Edward W Said, an internationally known literary critic, beautifully describes the predicament of a committed and ardent intellectual in this context: Witnessing a sorry state of affairs when one is not in power is by no means a monotonous, monochromatic activity. It involves what Foucault once called ' a relentless erudition ', scouring alternative sources, exhuming buried documents, reviving forgotten (or abandoned) histories. It involves a sense of the dramatic and of the insurgent, making a great deal of one's opportunities to speak, catching the audience's attention, being better at wit and debate than one's opponents. And there is something fundamentally unsettling about intellectuals who have neither offices to protect nor territory to consolidate and guard, self-irony is therefore more frequent than pomposity, directness more than hemming or hawing. But there is no dodging the inescapable reality that such representations by intellectuals will neither make them friends in high places nor win them official honors. It is a lonely condition, yes, but it is always a better one than a gregarious tolerance for the way things are.
Ram Swarup, through his life and writings as a fearless fighter for great public causes, gave a cubic content to the above words of Edward Said. All his life he stood upright and talked back to authority. He was disgusted by the unquestioning subservience to authority in the India of his time and viewed it as the greatest of threats to an active, and moral, intellectual life. He often told his friends that the hardest aspect of being an intellectual is to represent what you profess through your work and interventions, without hardening into an institution or a kind of automaton acting at the behest of a system or method.

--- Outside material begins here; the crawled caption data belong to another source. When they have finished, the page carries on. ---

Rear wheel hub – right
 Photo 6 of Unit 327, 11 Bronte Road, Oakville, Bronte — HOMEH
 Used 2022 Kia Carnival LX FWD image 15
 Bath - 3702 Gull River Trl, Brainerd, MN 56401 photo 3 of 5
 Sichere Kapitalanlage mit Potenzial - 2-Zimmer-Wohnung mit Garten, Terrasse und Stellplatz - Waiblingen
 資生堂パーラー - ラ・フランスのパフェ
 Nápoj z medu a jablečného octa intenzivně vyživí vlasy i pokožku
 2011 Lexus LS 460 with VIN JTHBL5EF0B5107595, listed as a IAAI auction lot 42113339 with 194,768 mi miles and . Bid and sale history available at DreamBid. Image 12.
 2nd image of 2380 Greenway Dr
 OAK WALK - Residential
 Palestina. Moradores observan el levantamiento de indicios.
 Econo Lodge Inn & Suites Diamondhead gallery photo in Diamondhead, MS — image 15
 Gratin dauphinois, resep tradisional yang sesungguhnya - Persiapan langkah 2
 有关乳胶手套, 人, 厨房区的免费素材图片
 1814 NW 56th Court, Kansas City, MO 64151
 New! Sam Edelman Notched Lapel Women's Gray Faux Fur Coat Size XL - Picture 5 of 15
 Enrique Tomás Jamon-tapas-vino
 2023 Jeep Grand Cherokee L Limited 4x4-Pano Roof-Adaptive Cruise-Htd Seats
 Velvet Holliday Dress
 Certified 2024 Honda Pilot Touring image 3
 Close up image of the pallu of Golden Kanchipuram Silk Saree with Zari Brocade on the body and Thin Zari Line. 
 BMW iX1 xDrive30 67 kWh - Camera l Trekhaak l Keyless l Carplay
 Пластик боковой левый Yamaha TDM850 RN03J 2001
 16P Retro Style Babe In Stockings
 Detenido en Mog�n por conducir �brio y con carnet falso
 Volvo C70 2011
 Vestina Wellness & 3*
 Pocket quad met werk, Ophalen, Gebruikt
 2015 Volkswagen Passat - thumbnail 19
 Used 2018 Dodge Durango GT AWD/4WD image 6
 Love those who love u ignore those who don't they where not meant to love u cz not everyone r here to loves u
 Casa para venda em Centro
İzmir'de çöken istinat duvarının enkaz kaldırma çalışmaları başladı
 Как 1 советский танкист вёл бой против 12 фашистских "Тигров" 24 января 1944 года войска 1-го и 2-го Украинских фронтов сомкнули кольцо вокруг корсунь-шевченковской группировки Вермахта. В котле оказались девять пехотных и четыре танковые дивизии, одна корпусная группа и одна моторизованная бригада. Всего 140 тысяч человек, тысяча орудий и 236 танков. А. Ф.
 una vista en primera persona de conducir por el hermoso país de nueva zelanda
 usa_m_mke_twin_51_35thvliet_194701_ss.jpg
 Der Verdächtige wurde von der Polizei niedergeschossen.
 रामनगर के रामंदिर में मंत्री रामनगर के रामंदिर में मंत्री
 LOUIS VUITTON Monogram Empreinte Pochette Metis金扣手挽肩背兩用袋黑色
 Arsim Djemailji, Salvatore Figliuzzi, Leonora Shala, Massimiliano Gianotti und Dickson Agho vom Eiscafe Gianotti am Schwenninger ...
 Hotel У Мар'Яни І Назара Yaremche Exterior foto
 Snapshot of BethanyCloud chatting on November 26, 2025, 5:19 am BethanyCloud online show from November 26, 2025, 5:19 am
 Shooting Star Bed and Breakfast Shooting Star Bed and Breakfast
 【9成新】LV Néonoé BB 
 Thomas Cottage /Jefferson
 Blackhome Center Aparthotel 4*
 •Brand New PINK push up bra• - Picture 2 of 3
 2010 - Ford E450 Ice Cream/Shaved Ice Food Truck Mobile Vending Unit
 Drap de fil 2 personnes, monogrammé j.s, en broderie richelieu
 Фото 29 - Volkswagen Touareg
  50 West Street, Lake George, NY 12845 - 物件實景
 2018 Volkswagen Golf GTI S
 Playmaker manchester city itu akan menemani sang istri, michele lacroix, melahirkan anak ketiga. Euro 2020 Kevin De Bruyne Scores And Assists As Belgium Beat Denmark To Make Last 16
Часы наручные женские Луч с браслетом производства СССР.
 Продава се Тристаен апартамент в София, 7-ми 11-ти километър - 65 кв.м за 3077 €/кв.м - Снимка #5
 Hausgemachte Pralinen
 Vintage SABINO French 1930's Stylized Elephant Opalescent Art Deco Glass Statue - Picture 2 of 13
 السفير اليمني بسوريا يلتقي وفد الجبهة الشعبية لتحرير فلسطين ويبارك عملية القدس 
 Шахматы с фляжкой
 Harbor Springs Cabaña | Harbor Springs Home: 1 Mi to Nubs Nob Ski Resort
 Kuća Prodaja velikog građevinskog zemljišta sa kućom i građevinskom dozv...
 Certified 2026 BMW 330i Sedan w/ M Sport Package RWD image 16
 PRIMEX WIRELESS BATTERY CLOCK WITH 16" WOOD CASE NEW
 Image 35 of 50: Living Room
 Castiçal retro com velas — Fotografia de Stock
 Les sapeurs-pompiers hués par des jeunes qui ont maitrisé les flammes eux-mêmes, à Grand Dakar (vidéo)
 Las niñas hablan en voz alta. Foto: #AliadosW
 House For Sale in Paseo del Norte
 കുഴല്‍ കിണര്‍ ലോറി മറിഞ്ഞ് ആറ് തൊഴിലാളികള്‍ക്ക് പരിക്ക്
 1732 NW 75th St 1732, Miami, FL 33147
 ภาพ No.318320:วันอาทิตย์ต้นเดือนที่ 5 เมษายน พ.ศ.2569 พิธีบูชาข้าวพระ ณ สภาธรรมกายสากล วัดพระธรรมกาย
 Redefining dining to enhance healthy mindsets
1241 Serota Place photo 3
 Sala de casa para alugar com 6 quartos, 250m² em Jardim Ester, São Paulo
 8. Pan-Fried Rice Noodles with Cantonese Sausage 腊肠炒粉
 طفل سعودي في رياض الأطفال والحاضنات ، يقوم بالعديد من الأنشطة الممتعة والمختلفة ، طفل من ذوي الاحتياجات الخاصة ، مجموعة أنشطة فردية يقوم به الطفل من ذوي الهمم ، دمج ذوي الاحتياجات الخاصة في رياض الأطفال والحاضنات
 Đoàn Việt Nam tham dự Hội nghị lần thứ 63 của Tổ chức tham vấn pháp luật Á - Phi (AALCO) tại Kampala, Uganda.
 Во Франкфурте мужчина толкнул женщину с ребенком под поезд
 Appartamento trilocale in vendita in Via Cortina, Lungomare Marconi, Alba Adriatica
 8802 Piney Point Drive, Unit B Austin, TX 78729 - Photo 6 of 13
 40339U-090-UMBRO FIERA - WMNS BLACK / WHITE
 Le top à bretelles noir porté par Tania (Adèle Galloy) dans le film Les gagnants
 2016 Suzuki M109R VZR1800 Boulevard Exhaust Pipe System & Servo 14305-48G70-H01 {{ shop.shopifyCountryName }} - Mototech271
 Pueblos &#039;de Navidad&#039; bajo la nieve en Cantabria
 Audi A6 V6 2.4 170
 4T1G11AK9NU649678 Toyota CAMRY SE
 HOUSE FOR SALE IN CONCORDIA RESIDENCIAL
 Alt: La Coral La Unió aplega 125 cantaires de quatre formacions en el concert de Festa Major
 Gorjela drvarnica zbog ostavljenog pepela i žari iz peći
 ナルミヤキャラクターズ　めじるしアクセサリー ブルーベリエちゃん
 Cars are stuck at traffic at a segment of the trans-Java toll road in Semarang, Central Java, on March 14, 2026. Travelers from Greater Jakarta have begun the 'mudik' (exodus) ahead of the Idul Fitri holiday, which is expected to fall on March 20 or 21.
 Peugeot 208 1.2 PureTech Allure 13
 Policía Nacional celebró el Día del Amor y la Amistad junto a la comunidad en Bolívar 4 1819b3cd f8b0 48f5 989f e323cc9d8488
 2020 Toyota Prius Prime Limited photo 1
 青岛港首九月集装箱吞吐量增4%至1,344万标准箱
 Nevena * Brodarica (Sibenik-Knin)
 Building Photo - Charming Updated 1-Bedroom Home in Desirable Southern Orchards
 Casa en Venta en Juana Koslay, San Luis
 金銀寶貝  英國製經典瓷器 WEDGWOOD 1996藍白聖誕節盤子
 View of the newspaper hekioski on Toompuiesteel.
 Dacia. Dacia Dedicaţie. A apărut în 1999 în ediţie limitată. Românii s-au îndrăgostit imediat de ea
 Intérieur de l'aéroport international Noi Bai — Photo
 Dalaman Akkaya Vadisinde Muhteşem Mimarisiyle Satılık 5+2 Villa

When he and Sita Ram Goel were fighting together against the menace of communism in India after 1949, Ram Swarup viewed Gandhism as an alternative to communism. In a pamphlet written after the assassination of Gandhiji ' Mahatma Gandhi and his Assassin ' (1948), he expressed the view that martyrdom was only befitting a man of Gandhiji's elemental greatness.
After waging a relentless intellectual battle against communism and serfdom, Ram Swarup turned to religious and philosophical issues after 1957. Apart from contributing a large number of seminal articles on Hinduism, Islam and Christianity from several points of view to important newspapers like The Times of India, The Indian Express, The Observer and Hindustan Times, he also wrote a series of important books on comparative religion and philosophy. Some of his main works are: Buddhism vis-a-vis Hinduism (1958), The Hindu View of Education (1971), The Word as Revelation: Names of Gods (1980), Hinduism vis-a-vis Christianity and Islam (1982), Christianity, An Imperialist Ideology (1983), Understanding Islam Through Hadis (1983), Hindu-Sikh Relationship (1985), Ramakrishna Mission in Search of a New Identity (1986), Cultural Alienation and Some Problems Hinduism Faces (1987), Hindu View of Christianity and Islam (1992), Woman in Islam (1994), On Hinduism: Reviews and Reflections (published posthumously in 1999), and Meditations: Gods, Religions (published posthumously in 2000).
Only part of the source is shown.